In the case that you exhibit, the process can proceed through two possible (and experimentally indistinguishable) channels: photons and $Z^0$ weak bosons. Both processes are stronger when the mass of the pair is near the on-shell mass of the carrier boson, so the peak you see in the graph tells you the mass of the $Z^0$ (the mass of the photon is zero) while the sloping background is attributable (in aggregate; you can't tell them apart on an event-by-event basis) to the photon channel. That makes the plot enormously important for this measurement.

The difference between a pair-mass histogram and a cross-section versus pair-mass plot is subtle.

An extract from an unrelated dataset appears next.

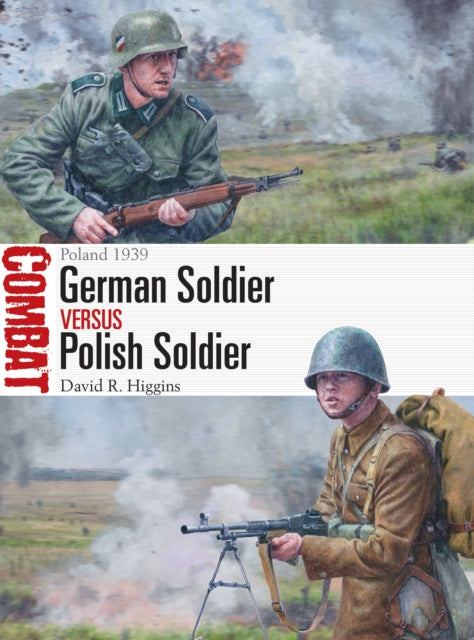 Book cover of: German Soldier vs Polish Soldier. By: David R. Higgins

Protons are composite objects, so when you get a photon of $Z^0$ even it generally comes from the interaction of two partons (either a quark and an anti-quark or two gluons), but each of those particles can have a momentum relative the CoM of it's host particle. So unlike the case of a lepton collider, you get a broad range of Mandelstam $s$ out for each configuration of the beam, but they aren't evenly distributed. So the histogram of pair-masses folds together the underlying event cross-section and the relative momentum distribution of the partons.

Both can be used to say "See the peak here? That's the $Z$ mass.", but the histogram is easier to produce from the raw data while the cross-section plot exhibits a more fundamental quantity (having laboriously deconvolved the parton-distribution-functions from the data).

Generally you see the histograms early on and the cross-section plots after the analysis has proceeded for a while.